仕向け先全般に需要が回復したものの、原材料の高騰や、供給制限、供給不足が続く厳しい状況で推移した。新しい技術の開発に注力し、環境にやさしい製品や付加価値の高い製品づくりに努めた。
『接着剤』は、ペガールが新製品の開発により、紙用及び粘着用が増加し、また、需要先の業況回復により塗料用、建築用、繊維用の需要が増加、シアノンが欧米向けに医療用・工業用高付加価値品、南米・韓国向けにコンシューマー用の需要が増加、ペガロックが国内、海外向けの需要が増加し、売上高は前期を上回った。
『塗料』は、建築用塗料が高機能品の「ウォ-ルバリアシリーズ」や「ビーズコートシリーズ」の伸長、また、エアゾール製品は需要が回復し売上高は前期を上回った。
その他事業
売上高は30億1500万円(前年同期比10.3%増)、営業利益は5500万円(前年同期は800万円の営業損失)。

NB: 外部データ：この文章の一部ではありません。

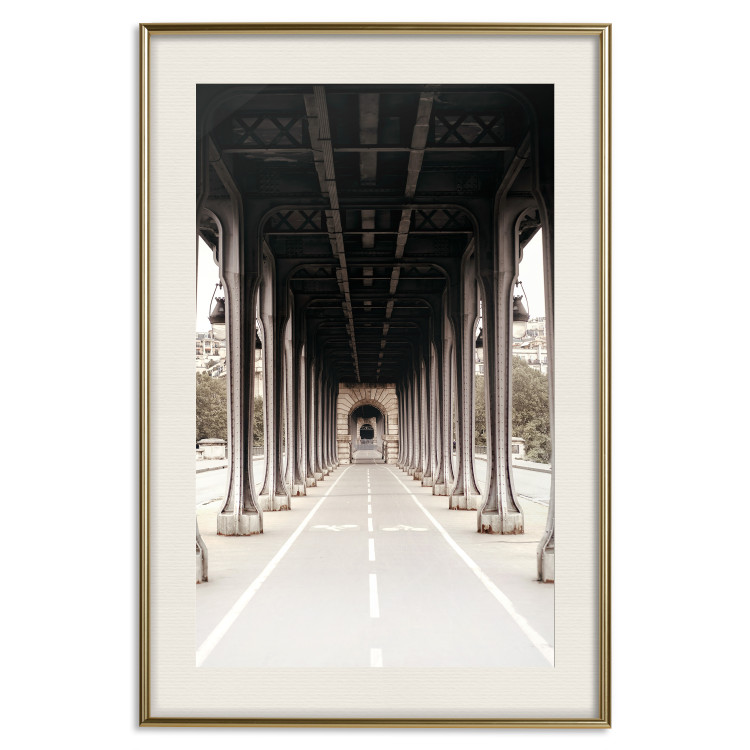 Wall Poster Pont de Bir-Hakeim - bike path with column architecture in sepia 132299 additionalImage 20
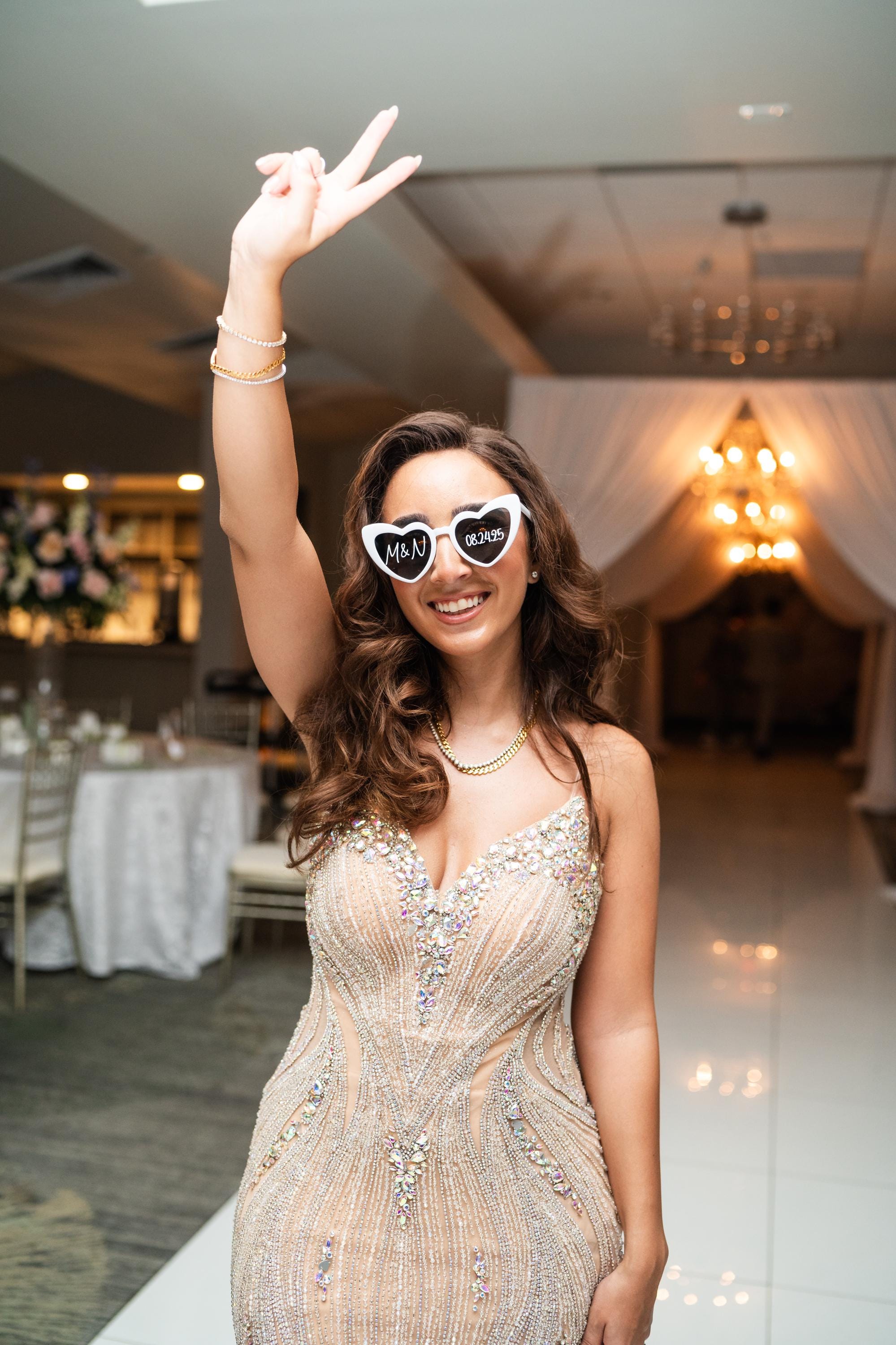 Personalized Heart Sunglasses | Bachelorette Party Favors, Wedding Photo Prop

ITソリューション事業は、電子ペーパー関連、RFタグ関連が半導体及び樹脂製品の不足による納期遅れの影響を受けたが、LSIカード関連の需要が増加し売上高は増加した。また、食品添加物事業は、原産国での気候変動、労働力不足や輸送費の高騰等の影響を受けたものの、コンビニ向け製品原料の需要が増加し、売上高は増加した。
今後の見通し
2023年3月期通期連結業績予想は、売上高870億円(前期比5.4%増)、営業利益51億円(同8.0%増)、経常利益56億円(同3.6%増)、親会社株主に帰属する当期純利益38億円(同8.4%減)を見込む。配当金は中間8円、期末10円(普通配当8円、記念配当2円)の2円増配を予想する。